Keith Ingold awarded gold medal

March 31, 2017 Facebook Twitter LinkedIn Google+ Uncategorized

Keith Ingold awarded a gold medal

Dr. Keith Ingold one of Honey Gables’ earliest residents, has recently been awarded a gold medal

One of our neighbours, indeed one of Honey Gables’ earliest residents, has recently been awarded the British Royal Society of Chemistry’s Sir Derek Barton 2016 Gold Medal in recognition of his “fundamental contributions to the understanding of free radical chemistry”.




Dr. Keith Ingold, whose lengthy career with Canada’s National Research Council continues on a part-time basis, was in London this past week to receive the award in the company of his daughter Diana Pratt, also of Honey Gables, and his sister Dilys of deepest, darkest Sussex in Great Britain. A brief biography, one prepared by the Royal Society with Dr. Ingold’s input, and a photo taken at the event are set out below

Keith Ingold was born in 1929 in Leeds to two very distinguished research chemists, Edith Hilda (Usherwood) Ingold and Christopher Kelk Ingold. Having no desire to play cricket for Yorkshire, or anywhere else, he fussed in his crib until his parents gave in and the family moved to London. He was then about one year old. Between the ages of 10 and 17, Keith attended at least seven different schools – wartime disruptions rather than (well-deserved) expulsions.
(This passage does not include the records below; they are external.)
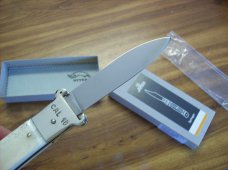 Hubertus Knife Shellpuller Patronenzieher Large Size 11 White Bone UNUSED NIB.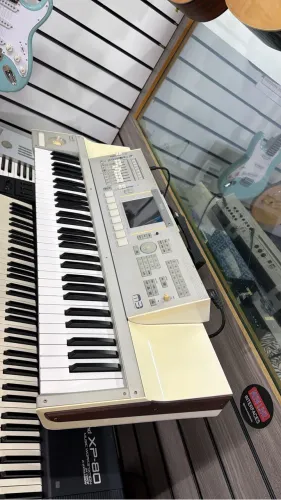 Teclado korg M3 impecável 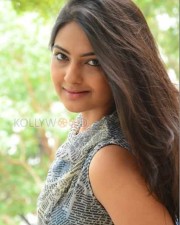 Neha Deshpande Sexy Photoshoot Stills 20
From high school he moved to University College London, graduating with a BSc (Hon Chem) in 1949. Two years at Oxford provided a shining new DPhil which allowed him to immigrate to Canada in 1951 and start his career at the National Research Council of Canada (NRC). After four years of post-doctoral work (Ottawa and Vancouver) he accepted a position in the NRC’s Division of Applied Chemistry. He retired (sort of) from the NRC on his 81st birthday.